Single by Chris Young

from the album A.M.
- Released: January 20, 2014
- Recorded: 2013
- Genre: Country
- Length: 3:11
- Label: RCA Nashville
- Songwriters: Marv Green; Paul Jenkins; Jason Sellers;
- Producer: James Stroud

Chris Young singles chronology
| "Aw Naw" (2013) | "Who I Am with You" (2014) | "Lonely Eyes" (2014) |

= Who I Am with You =

"Who I Am with You" is a song written by Marv Green, Paul Jenkins, and Jason Sellers and recorded by American country music artist Chris Young. It was released in January 2014 as the second single from Young’s 2013 album A.M..

"Who I Am with You" peaked at numbers two and eight on both the Billboard Country Airplay and Hot Country Songs charts respectively. It also charted at number 48 on the Hot 100. The song was certified Gold by the Recording Industry Association of America (RIAA) and has sold 565,000 copies in the United States as of August 2014. It achieved similar chart success in Canada, peaking at number six on the Canada Country chart and number 72 on the Canadian Hot 100.

The accompanying music video for the song was directed by Trey Fanjoy.

==Reception==
===Critical===
The song received a favorable review from Taste of Country, which called it "a subtle change to a formula that’s worked well" and "a stark contrast to more intimate lovers from previous records." The review stated that "Young’s voice adds depth and the necessary hurt to make the early lyrics stick."

===Commercial===
"Who I Am with You" debuted at number 60 on the U.S. Billboard Country Airplay chart for the week of January 25, 2014. It also debuted at number 49 on the U.S. Billboard Hot Country Songs chart for the week of October 5, 2013. It peaked at number 2 on the Country Airplay chart dated July 26, 2014, having been blocked from Number One by Joe Nichols' "Yeah". The song was certified Gold by the RIAA on July 18, 2014.
As of August 2014, the song has sold 565,000 copies in the United States.

==Music video==
The music video was directed by Trey Fanjoy and premiered in March 2014. It shows footage from Chris's 2013 tour, and him performing the song in his dressing room, as well as cuddling with a love interest there. All the dressing room shots are in color, while the concert and tour footage is in black and white.

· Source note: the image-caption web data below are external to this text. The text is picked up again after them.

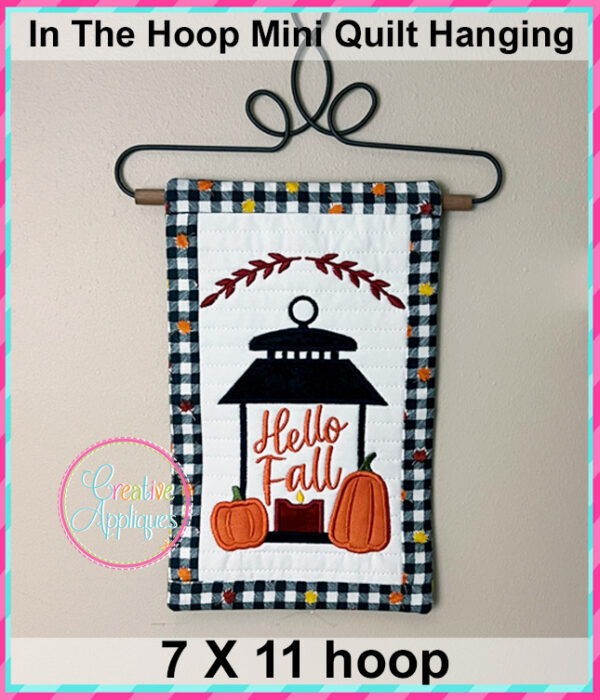 Hello Fall In The Hoop Quilted Mini Hanging Embroidery Design 7x11 - Image 3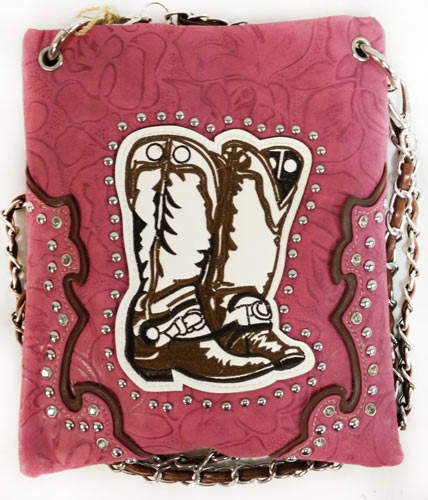 Wholesale Cowboy BOOTS Embroidery Studded Phone Purse Pink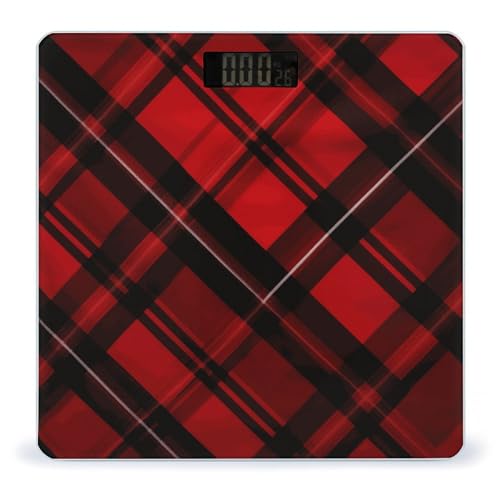 Báscula digital de baño roja y negra de vidrio templado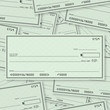 Blank Check Pile Background with Open Space for Your Text
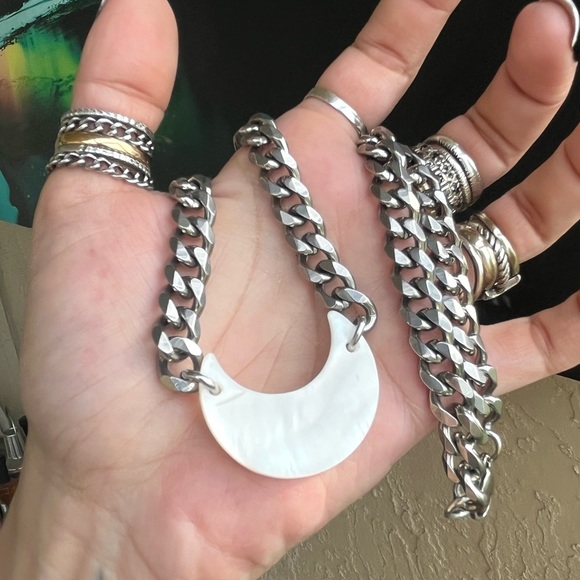 Mother of pearl moon stainless steel cuban link thick choker necklace boho - Picture 8 of 16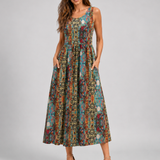 Franziska | Boho midi obleka z naramnicami za vrat
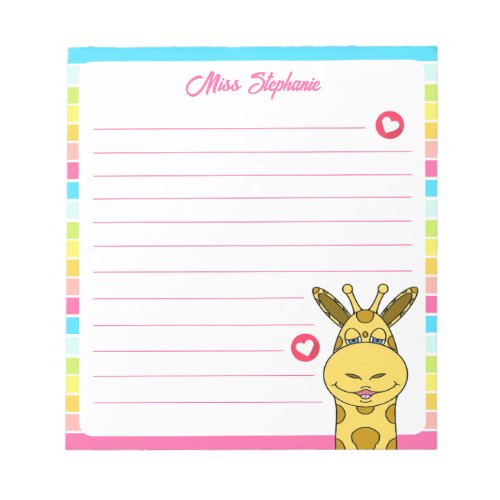 Cute Rainbow Giraffe With Hearts Teacher Name  Notepad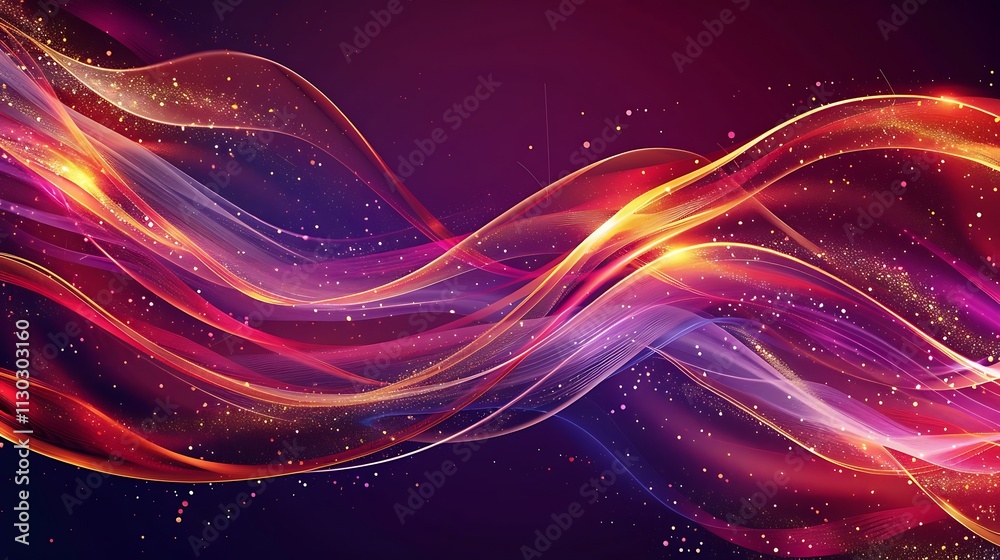 Fototapeta premium A futuristic, wavy digital background with glowing lines in shades of red, purple, and gold, creating a sense of depth and movement.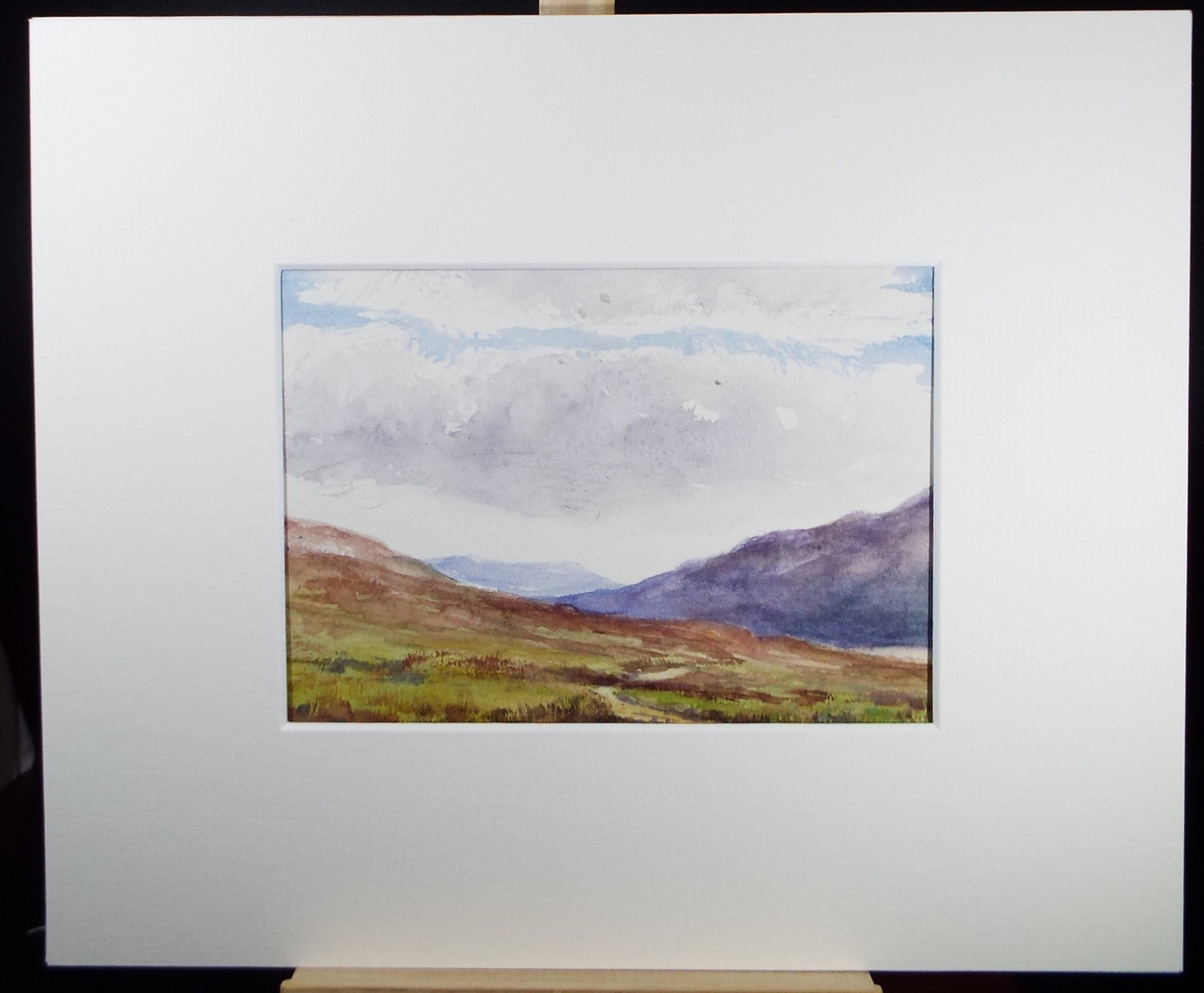 Original Watercolour Sketch, 'Clouds above Moorland', c1910, Unknown Artist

==Charts and certifications==

===Weekly charts===

| Chart (2014) | Peak position |
|---|---|
| Canada Hot 100 (Billboard) | 72 |
| Canada Country (Billboard) | 6 |
| US Billboard Hot 100 | 48 |
| US Country Airplay (Billboard) | 2 |
| US Hot Country Songs (Billboard) | 8 |

===Year-end charts===

| Chart (2014) | Position |
|---|---|
| US Country Airplay (Billboard) | 25 |
| US Hot Country Songs (Billboard) | 40 |

===Certifications===

| Region | Certification | Certified units/sales |
| Canada (Music Canada) | Gold | 40,000^{‡} |
| United States (RIAA) | 2× Platinum | 2,000,000^{‡} |
^{‡} Sales+streaming figures based on certification alone.